### [RECORDED DATA]
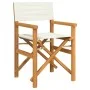 Sillas de director plegables 2 uds madera maciza teca crema von , Gartenstühle - Ref: Foro24-4008512, Preis: 220,63 €, Rabatt: %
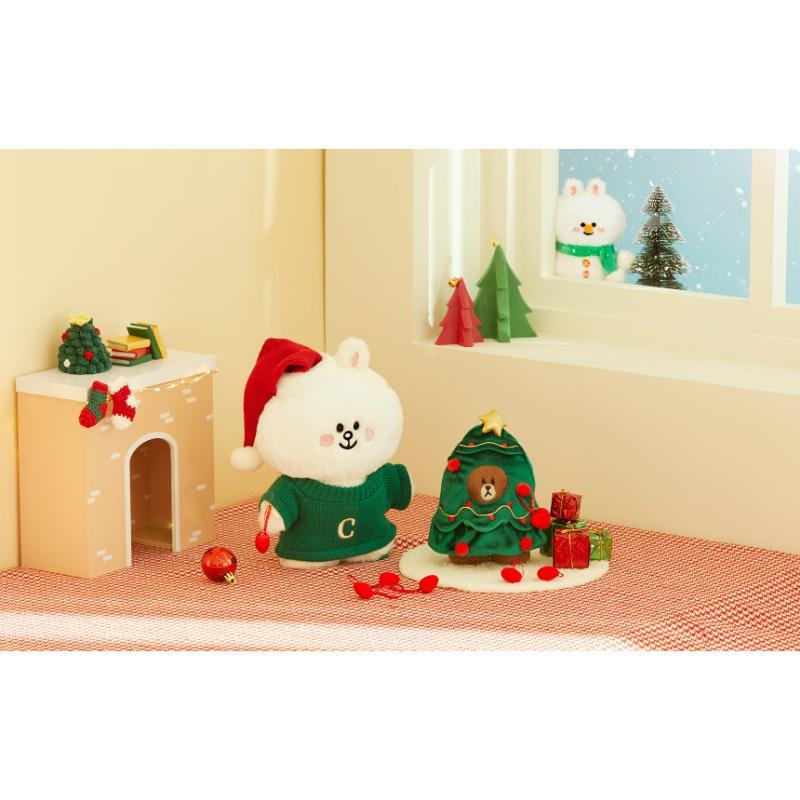LINE Friends - Standing Doll Holiday Edition - Mini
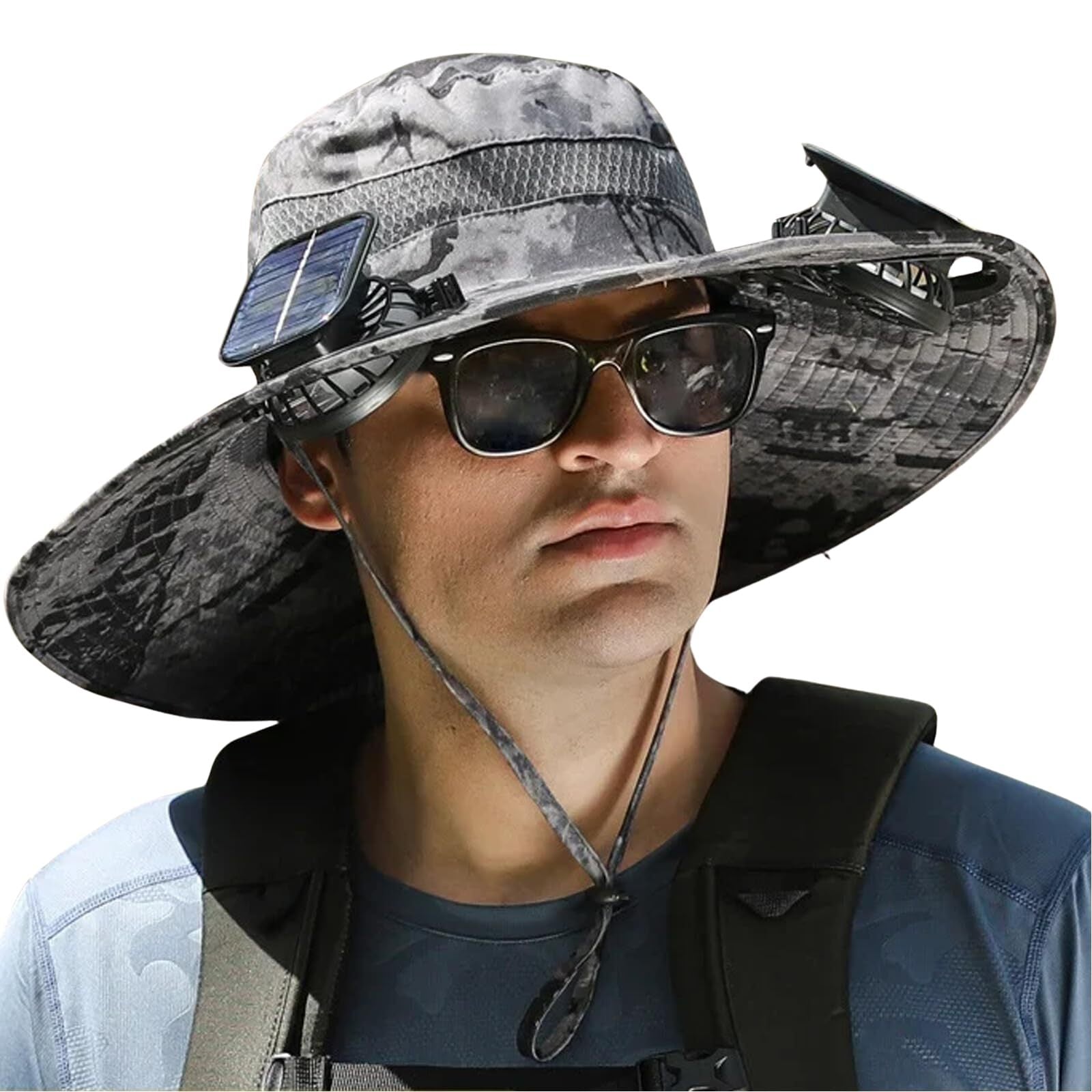 Lalubel™ Solar Hat Fan — The Hat That Works HARDER in the Sun 2025 - LALUBEL LLC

### [WHAT IS NEEDED]
The listing above must be repeated exactly, apart from the pictures.

### [EXERCISE SOLUTION]
 Sillas de director plegables 2 uds madera maciza teca crema von , Gartenstühle - Ref: Foro24-4008512, Preis: 220,63 €, Rabatt: %
LINE Friends - Standing Doll Holiday Edition - Mini
 Lalubel™ Solar Hat Fan — The Hat That Works HARDER in the Sun 2025 - LALUBEL LLC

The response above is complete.